Microchip implants used to give drugs


Some drugs don't work in pills, but patients hate injections. How about an alternative? In a medical first, researchers reported Thursday that they've been able to deliver bone-building drugs to seven osteoporosis patients with a novel microchip implant.

The microchips worked inside patients as drug-delivering pacemakers, following a prescription regimen sent by radio signal.

"This is equivalent to an injection without the pain or trouble," says study lead author Robert Farra of MicroCHIPS Inc. of Waltham, Mass., which makes the devices. Farra and colleagues presented the study, a "safety" trial of the devices, at the American Association for the Advancement of Science meeting in Vancouver. The work also appears in Science Translational Medicine.

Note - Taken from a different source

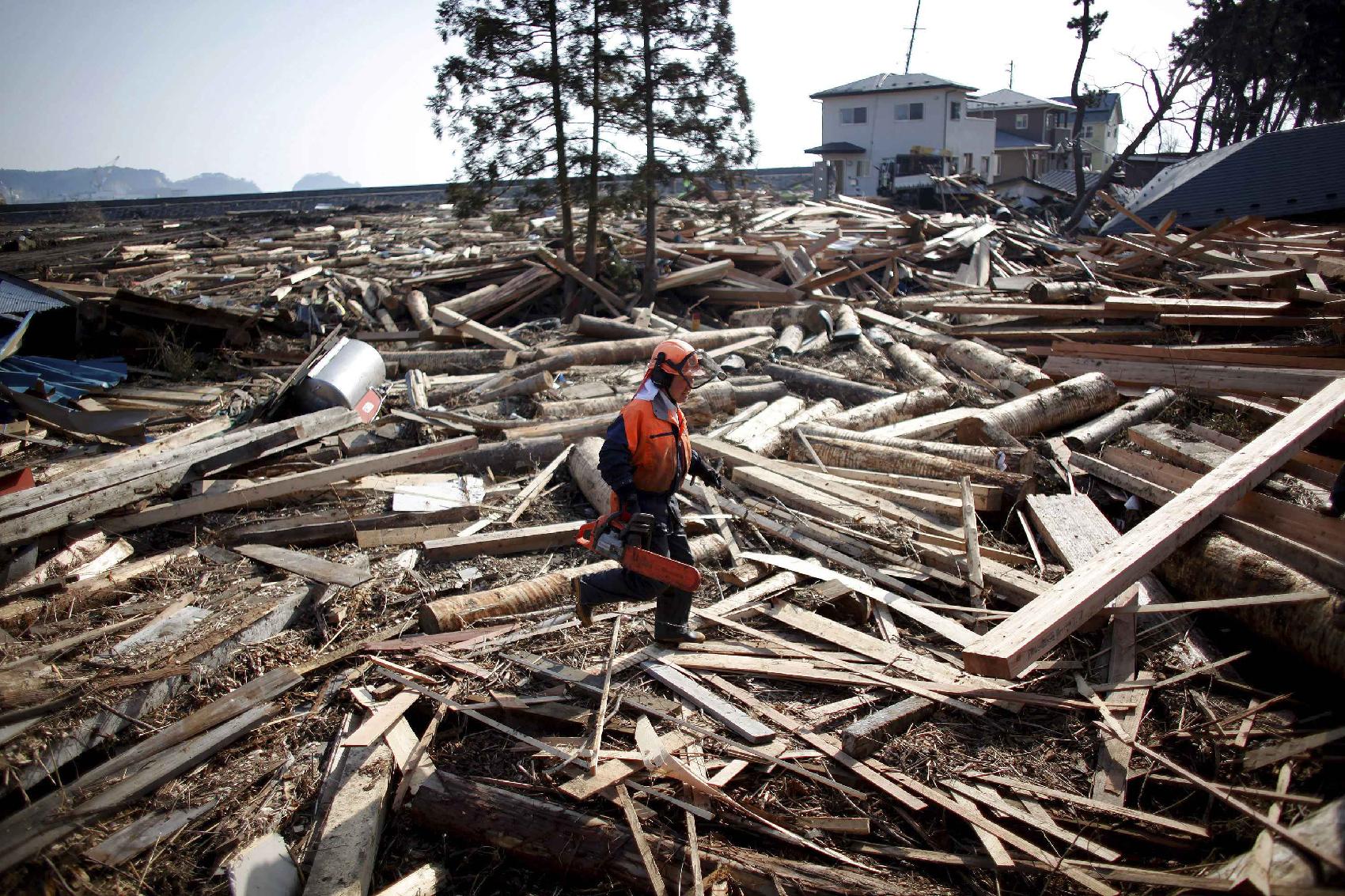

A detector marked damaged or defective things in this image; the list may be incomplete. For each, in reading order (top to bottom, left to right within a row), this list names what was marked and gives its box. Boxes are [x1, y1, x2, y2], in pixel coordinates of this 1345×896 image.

damaged roof [1101, 122, 1342, 236]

Overall, surveys suggest only about half of all patients fully follow prescription plans for drugs. Only about 25% of the 50,000 osteoporosis patients nationwide who now take the implant trial hormone -- which requires injections, refrigeration and can cost around $10,000 a year -- continue taking it for the full two-year course.

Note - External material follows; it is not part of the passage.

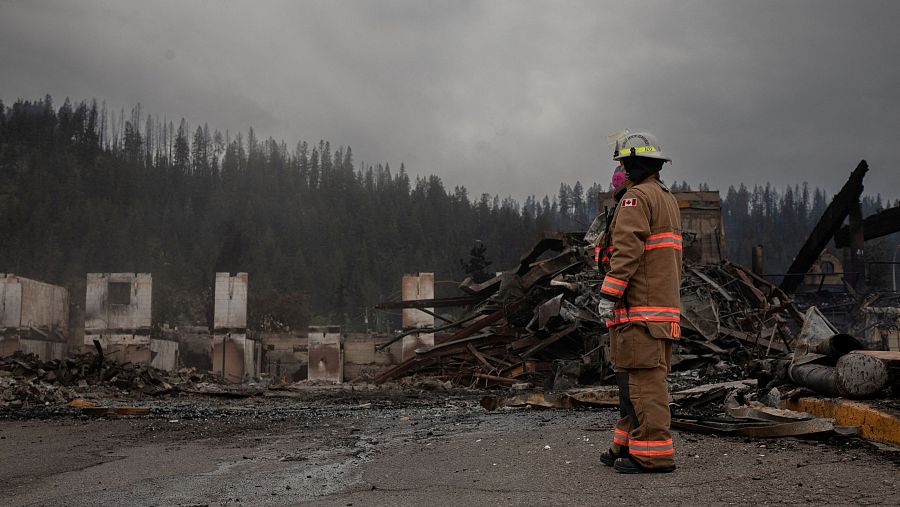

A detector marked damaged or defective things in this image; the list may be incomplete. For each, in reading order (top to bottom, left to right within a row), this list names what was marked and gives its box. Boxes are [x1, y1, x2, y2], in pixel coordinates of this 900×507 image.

cracked asphalt [1, 390, 900, 506] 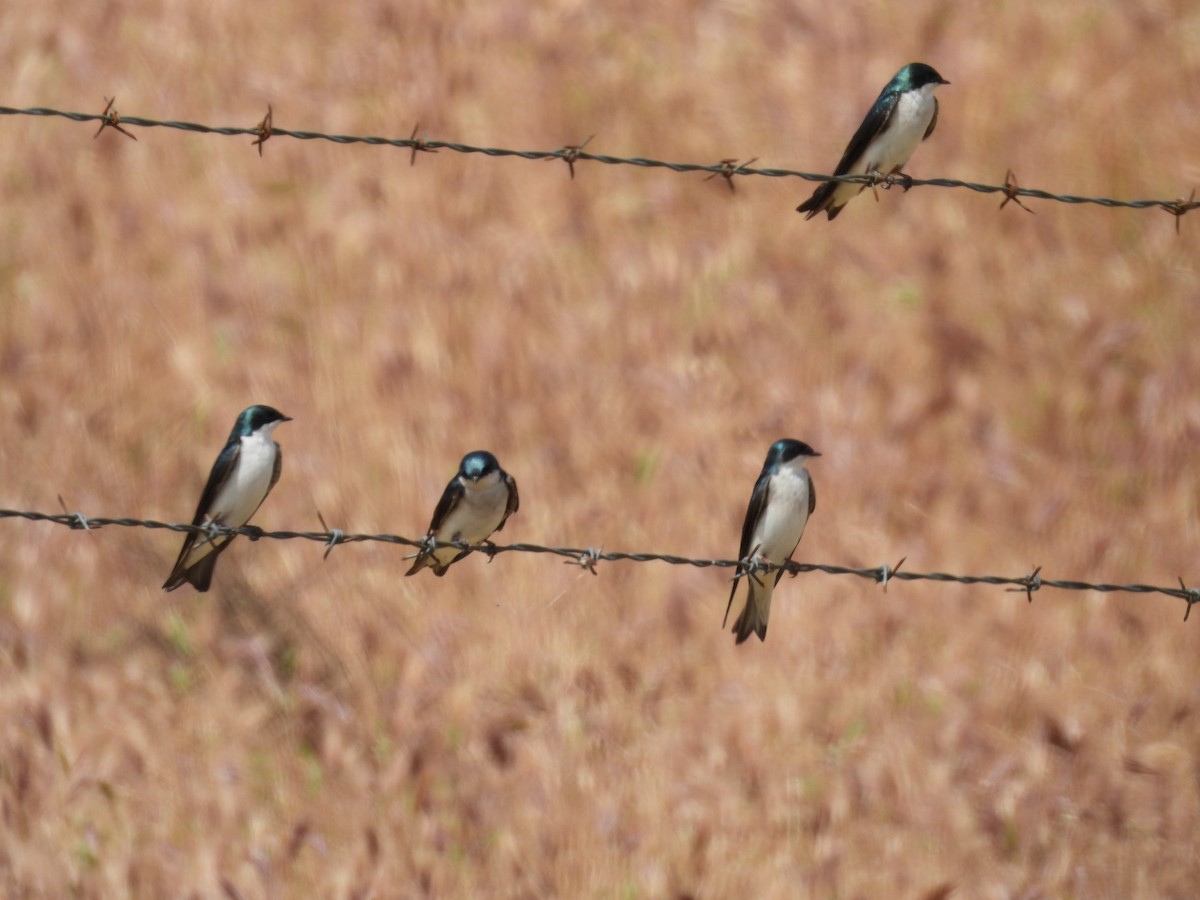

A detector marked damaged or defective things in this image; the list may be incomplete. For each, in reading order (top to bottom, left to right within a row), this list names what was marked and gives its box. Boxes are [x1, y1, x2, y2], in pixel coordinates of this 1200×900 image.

rusty barb [92, 96, 137, 141]
rusty barb [0, 506, 1192, 620]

"This is a really interesting delivery system, one that has some real potential," says osteoporosis expert E. Michael Lewiecki of the University of New Mexico School of Medicine in Albuquerque, who was not part of the study.

In the study, conducted in Denmark, surgeons implanted the microchips in the abdomens of seven women ages 65 to 70 in a 30-minute office surgery. Later, the implants received signals releasing doses of the drug from microscopic reservoirs etched in the chip, for up to 20 days.

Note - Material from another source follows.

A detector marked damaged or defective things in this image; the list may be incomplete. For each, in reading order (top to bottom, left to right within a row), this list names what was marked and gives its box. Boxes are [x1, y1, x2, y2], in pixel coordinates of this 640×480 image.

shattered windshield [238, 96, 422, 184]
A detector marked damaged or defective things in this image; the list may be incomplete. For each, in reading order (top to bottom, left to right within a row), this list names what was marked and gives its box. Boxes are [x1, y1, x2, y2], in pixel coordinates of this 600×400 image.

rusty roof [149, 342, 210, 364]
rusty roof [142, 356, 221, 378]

Doctors measured the drug's effects in blood samples, finding them similar to regular injections. Reassuringly, a collagen layer that grew to surround the implants didn't block the drugs from reaching the bloodstream.

"Our next goal is for a chip that can deliver daily doses for 365 days," Farra says. If testing is successful, the implants would receive federal approval for medical use after 2016. They would likely cost as much as injections.